Michael Diamond, MD, PhD, recognized internationally for his research involving Zika and related viruses, has been named the Herbert S. Gasser Professor of Medicine at Washington University School of Medicine in St. Louis.
A professor of medicine, of molecular microbiology, and of pathology and immunology, Diamond studies viruses — such as West Nile, Zika, dengue and chikungunya — that are growing in importance because they are causing more cases of disease or spreading to new parts of the world. He seeks to understand how they cause illness and interact with and evade the immune system.
“Mike is a world-renowned scientist working on the frontlines of emerging infectious diseases, especially mosquito-borne viruses,” said Victoria J. Fraser, MD, the Adolphus Busch Professor of Medicine and head of the Department of Medicine. “His work in the laboratory is aimed at understanding how these viruses lead to disease so that effective treatments can be developed.”
Diamond is known for leading some of the groundbreaking initial studies into Zika virus, including why and how it causes devastating neurological damage to the developing fetus. With colleagues, Diamond developed the first animal model of Zika infection during pregnancy, showed that the virus can infect the eye, identified protective antibodies against the virus, showed that Zika infection reduces the fertility of male mice and developed a Zika vaccine that is now in clinical trials.
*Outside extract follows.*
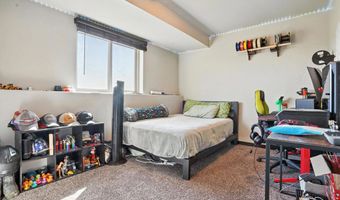 15030 Cody Ln, Box Elder, SD 57719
“Mike was one of the first to realize how important Zika was going to be,” said Herbert W. “Skip” Virgin IV, MD, PhD, the Mallinckrodt Professor and head of the Department of Pathology and Immunology. “His lab was able to quickly apply techniques and knowledge the team had developed studying other viruses, and in the process became one of the global leaders in Zika research.”
Diamond earned his bachelor’s degree in political science from Columbia University in 1985, followed by his medical and doctorate degrees from Harvard in 1994. After completing a research fellowship in molecular and cell biology at the University of California, Berkeley, Diamond moved across the bay to the University of California, San Francisco, where he completed his residency in internal medicine and a clinical fellowship in infectious disease. He returned to Berkeley to complete another research fellowship in infectious diseases in 2001, before joining the Washington University School of Medicine that year as a junior faculty member.
The Gasser professorship is one of four chairs endowed by John F. McDonnell, vice chairman of the Board of Trustees, and the JSM Charitable Trust Foundation as part of the university’s BioMed 21 initiative launched in 2006. BioMed 21 aims to promote the translation of basic science discoveries into real-world clinical solutions.
The chair was named for Herbert Gasser, a former head of the pharmacology department at the School of Medicine. Gasser won the Nobel Prize in physiology or medicine in 1944 jointly with his mentor Joseph Erlanger, a former head of the physiology department at the School of Medicine. Gasser and Erlanger studied the different functions of single nerve fibers. Their work led to advances in our knowledge of the mechanism of pain and of reflex action. Gasser used his prize money to fund further research into the subject.
Clay Semenkovich, MD, was the inaugural Gasser Professor. He is now the Irene E. and Michael M. Karl Professor of Endocrinology and Metabolism in Medicine.